Mariliza Silva disse...

É com prazer que te recebo no meu blog e adoraria ter sua visita sempre!

Venho agora somente para pingar um beijinho no seu blog. Voltarei com mais calma para me deliciar nos seus escritos.

Beijão e some não

Mariliza

Anônimo disse...

Um conselho de Ovídio para você: "Audetem Forsque Venusque juvat" - A sorte e Vênus favorecem os ousados...
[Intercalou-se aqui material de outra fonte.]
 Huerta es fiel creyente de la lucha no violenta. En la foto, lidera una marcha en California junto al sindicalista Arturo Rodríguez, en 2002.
MAs no fundo eu sou igual a você: o que eu curto mesmo é o flerte....

Anônimo disse...

Adorei saber disso. Obrigada

Isadora disse...

... e eu começo a andar de onibus agora. uau !

Mariliza Silva disse...

Voltando agora com mais calma, para curtir seu texto: Que Lindo e real, cara!!! Já passei por um flerte desse mais ou menos desta forma. Quando puder leia meu post "Cilada Perfumada". Por isso que falam que nossa felicidade está nas pequenas coisas que acontecem e as vezes na hora a gente não vê a dimensão.

Beijão e some não

Mariliza

Anônimo disse...

Puxa Bruno, tu descreveu tão bem a cena que pensei estar lendo um romance/drama.

Raphael disse...

Linda história meu amigo.

Mas acho que essas coisas a gente não pode deixar passar assim. Já passei por situação parecida, mas não saberia descrevê-la tão bem.